* _COLLECTED DATA_
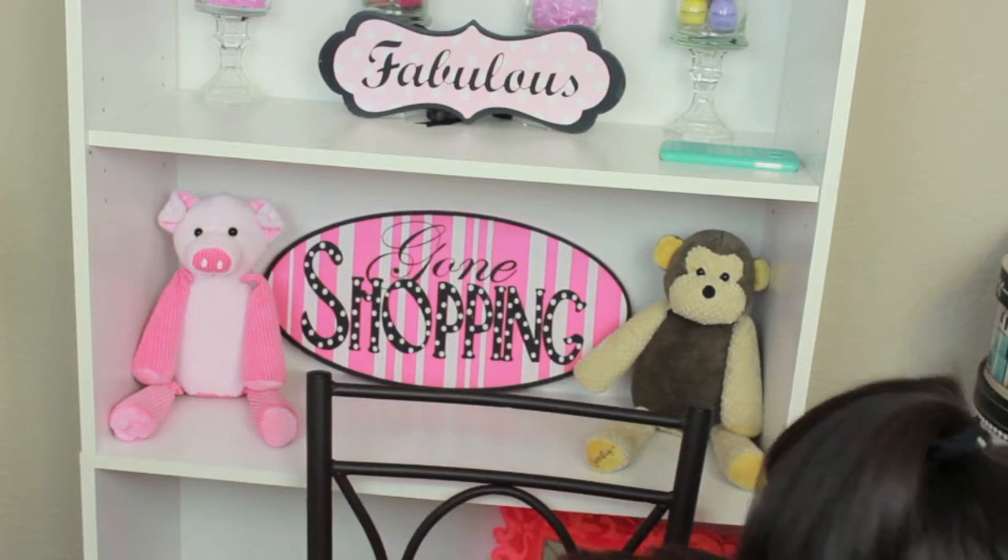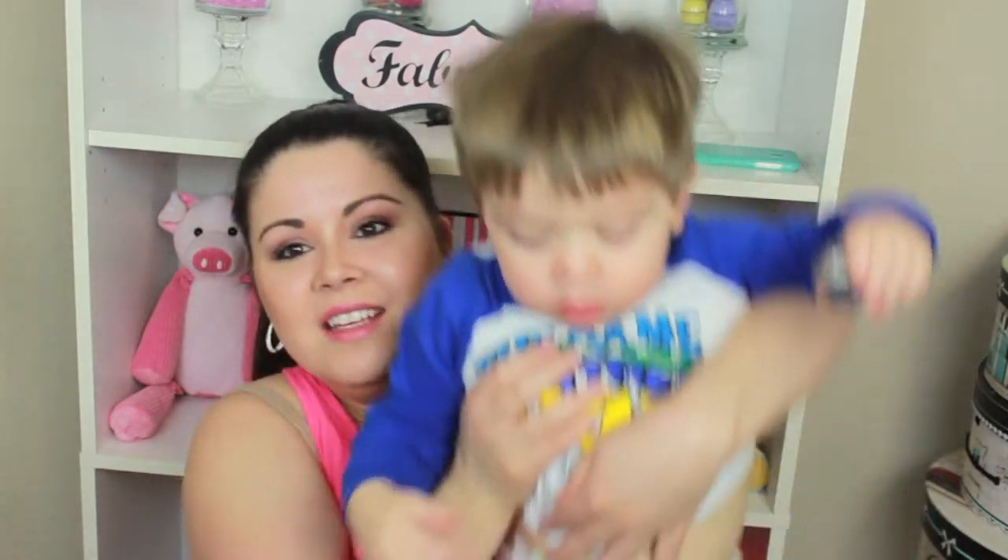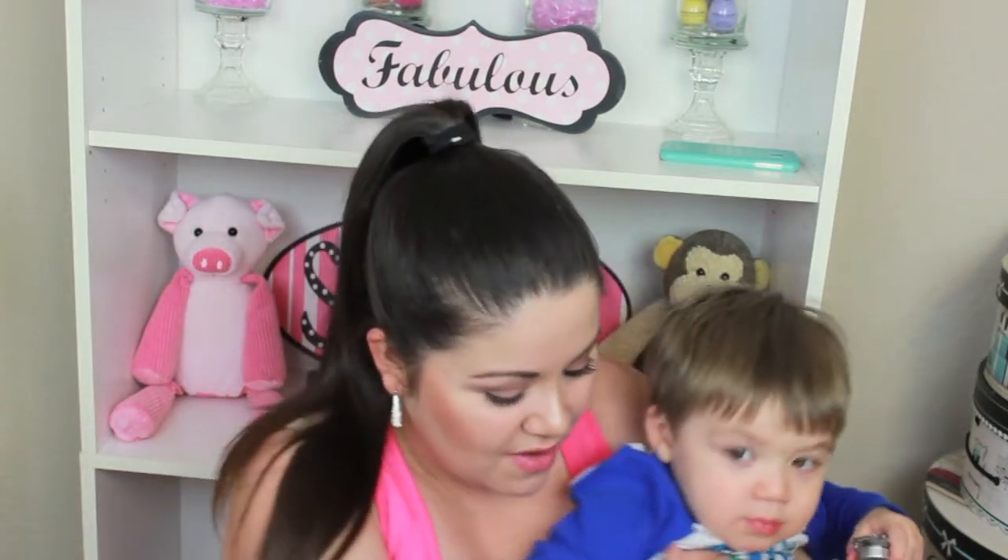My son Tristan came in to say hi to everybody.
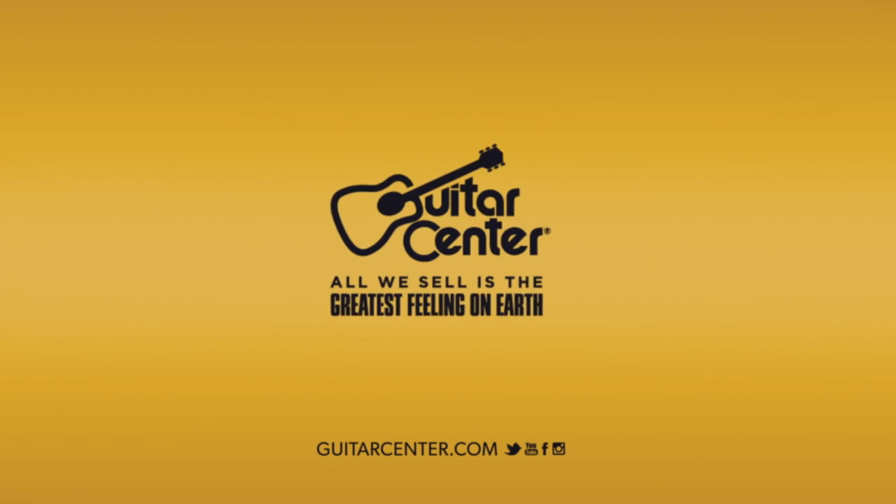We've got the Color Sound Djembes behind me. Been hanging out with Jim Greiner here in the LP booth. You can get more information on these at your local Guitar Center or GuitarCenter.com.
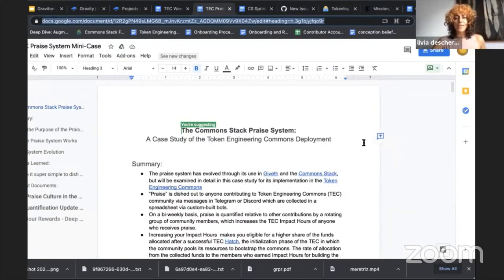The next thing I want to mention is the mini case studies that Griff and I are working on — Jeff has also been giving a lot of input. We've been doing a research study of the TEC cultural build as it happens, so it's very important to document all the learnings to help other communities in the future. The first case study to be published is on the praise system — it's been a huge core piece for TEC development, the gratitude culture we've been creating together. This will be published in the next sprint.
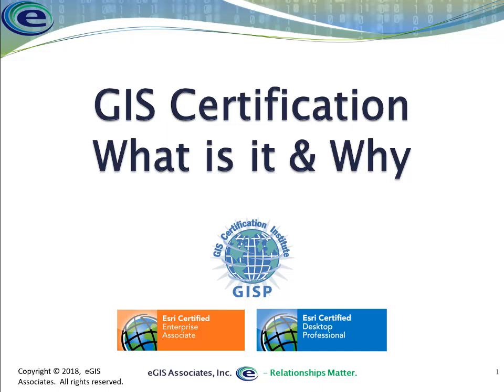Hello everybody, welcome to another video from eGIS Associates. Today we're going to do something a little different. Instead of talking about software, we're going to delve into some areas of professional development and talk about GIS certification — what it is and why you might want to get it.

* _WORK TO BE COMPLETED_
Transcribe the listing in full. Omit the pictures and keep every line exact.

* _RESPONSE_
My son Tristan came in to say hi to everybody.
We've got the Color Sound Djembes behind me. Been hanging out with Jim Greiner here in the LP booth. You can get more information on these at your local Guitar Center or GuitarCenter.com.
The next thing I want to mention is the mini case studies that Griff and I are working on — Jeff has also been giving a lot of input. We've been doing a research study of the TEC cultural build as it happens, so it's very important to document all the learnings to help other communities in the future. The first case study to be published is on the praise system — it's been a huge core piece for TEC development, the gratitude culture we've been creating together. This will be published in the next sprint.
Hello everybody, welcome to another video from eGIS Associates. Today we're going to do something a little different. Instead of talking about software, we're going to delve into some areas of professional development and talk about GIS certification — what it is and why you might want to get it.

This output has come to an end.